Author: Victoria Kimble
The Main Dish: A rivalry between two sisters for their summer dreams ends in a sacrifice for one. #YATweet
Celebrating the Success of Others
Interview by Jenny Fulton
Victoria Kimble is a middle grade and YA contemporary fiction writer who loves to watch cooking shows, sing, play her violin, and listen to anything composed by John Williams. Not surprisingly, the genres in which she now writes were her favorite ones to read when she was growing up.
“Those two genres were instrumental in shaping me as a young reader, and I’m drawn to them even now,” she told me.
Victoria’s latest book, The Main Dish, is a YA contemporary novel that was inspired by questions she had after watching some of her favorite shows.
“I love watching reality cooking competitions,” she said, “especially the ones that feature kids as the contestants. I always wonder about their families, and what their siblings think of their success. Thus, the story centered around the sister of one of these contests was born.”
The matter of how to think about and handle someone else’s success soon became one of the central themes in the book.
“I hope to show kids that just because someone else, such as their sibling, friend, etc. is experiencing success, it doesn’t mean their own successes are of little value.
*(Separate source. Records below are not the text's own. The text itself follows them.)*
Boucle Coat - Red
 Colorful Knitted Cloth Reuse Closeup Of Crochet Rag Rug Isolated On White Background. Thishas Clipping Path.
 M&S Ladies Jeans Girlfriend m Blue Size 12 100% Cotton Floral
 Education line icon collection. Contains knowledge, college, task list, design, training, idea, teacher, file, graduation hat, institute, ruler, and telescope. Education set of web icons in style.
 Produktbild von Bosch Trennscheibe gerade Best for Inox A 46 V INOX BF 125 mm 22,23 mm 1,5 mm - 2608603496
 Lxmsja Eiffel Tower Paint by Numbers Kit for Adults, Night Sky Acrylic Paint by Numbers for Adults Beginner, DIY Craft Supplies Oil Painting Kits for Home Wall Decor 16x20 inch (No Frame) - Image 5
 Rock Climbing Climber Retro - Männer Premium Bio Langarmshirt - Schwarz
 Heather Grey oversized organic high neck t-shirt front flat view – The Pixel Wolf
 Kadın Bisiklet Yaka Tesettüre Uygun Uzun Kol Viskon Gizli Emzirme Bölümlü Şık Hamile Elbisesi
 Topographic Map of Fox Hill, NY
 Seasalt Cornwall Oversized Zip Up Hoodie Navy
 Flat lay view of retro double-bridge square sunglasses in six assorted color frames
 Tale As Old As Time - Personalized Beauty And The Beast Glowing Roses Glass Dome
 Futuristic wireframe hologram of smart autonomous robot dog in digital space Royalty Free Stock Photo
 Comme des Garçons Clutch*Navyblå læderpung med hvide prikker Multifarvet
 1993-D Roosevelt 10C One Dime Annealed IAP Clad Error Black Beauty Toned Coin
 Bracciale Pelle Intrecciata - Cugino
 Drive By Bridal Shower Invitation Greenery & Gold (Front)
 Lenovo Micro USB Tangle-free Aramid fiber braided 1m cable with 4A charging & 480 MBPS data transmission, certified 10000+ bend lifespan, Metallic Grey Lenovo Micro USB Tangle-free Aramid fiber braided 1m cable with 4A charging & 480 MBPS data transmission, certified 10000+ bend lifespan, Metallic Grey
It’s an important life skill to learn how to celebrate others.”
While Victoria doesn’t remember struggling with celebrating someone else as a kid, she admits that it’s definitely something she relates to now.
“It’s hard as a writer to look at the success, or even the perceived success, of other writers and not feel like it means what we’ve written is bad. But that’s not the case at all.”
Yep. I completely understand and totally relate to that struggle as well.
“Did writing this book change or impact you in any way?” I asked.
“It made me more sensitive as a parent to consider how each of my three daughters are feeling when their sisters achieve things, so I can help them celebrate each other while still understanding their own value. I see this most in my youngest daughter. I will tell one of my other daughters, ‘I love you,’ and my youngest often responds, ‘You mean you don’t love me?’ I’m trying to teach her that it’s not about her. What I say about someone else never means I think the opposite is true of her. Does that make sense?”
Yes, it does. We often think that if we aren’t the ones receiving the positive feedback, it means we aren’t worthy or deserving of it. It’s easy to think we’re in constant competition with one another and that there can be only one winner, one achiever, and one standard of success.
“What do you hope readers come away with after reading your book?”
“I hope they are ready and willing to cheer on others and celebrate their successes.”
“What are some steps we can take to help us get better at celebrating someone else’s success?” I asked.
“Really this all boils down to the lesson of humility that we try to learn our whole lives,” Victoria said. “Humility is not thinking less of yourself; it’s thinking of yourself less. That’s it. I think the first lesson would be to simply enjoy the success of someone else for what it is, rather than comparing it to what you have done, because it’s not about that at all.”
“What do you see as being some of the benefits of celebrating the success of others?”
“I believe the benefit will be that others will naturally begin to celebrate your successes as well. Not only do you reap what you sow (to use Christianese) but celebrating others will endear you to them. And they will naturally see your achievements and want to celebrate them also, because you’ve modeled that for them.”
In other words, it’s a win-win for everyone.
Book Blurb for The Main Dish
Scarlet Williams is a sixteen-year-old violin prodigy on the verge of a major breakthrough, both in her musical career and in her social life. She wins a chair in the Summerset Festival orchestra and doesn’t hesitate to tell the world. Even her crush, Finn O’Neal, finds out. But then her younger sister Sadie gets cast in Young Gourmet, a nationally televised kids cooking competition, and Scarlet is forced to give up her chair to go with her family for the taping. Scarlet moves from the spotlight to the shadows and must find a way to keep the attention of her new friends.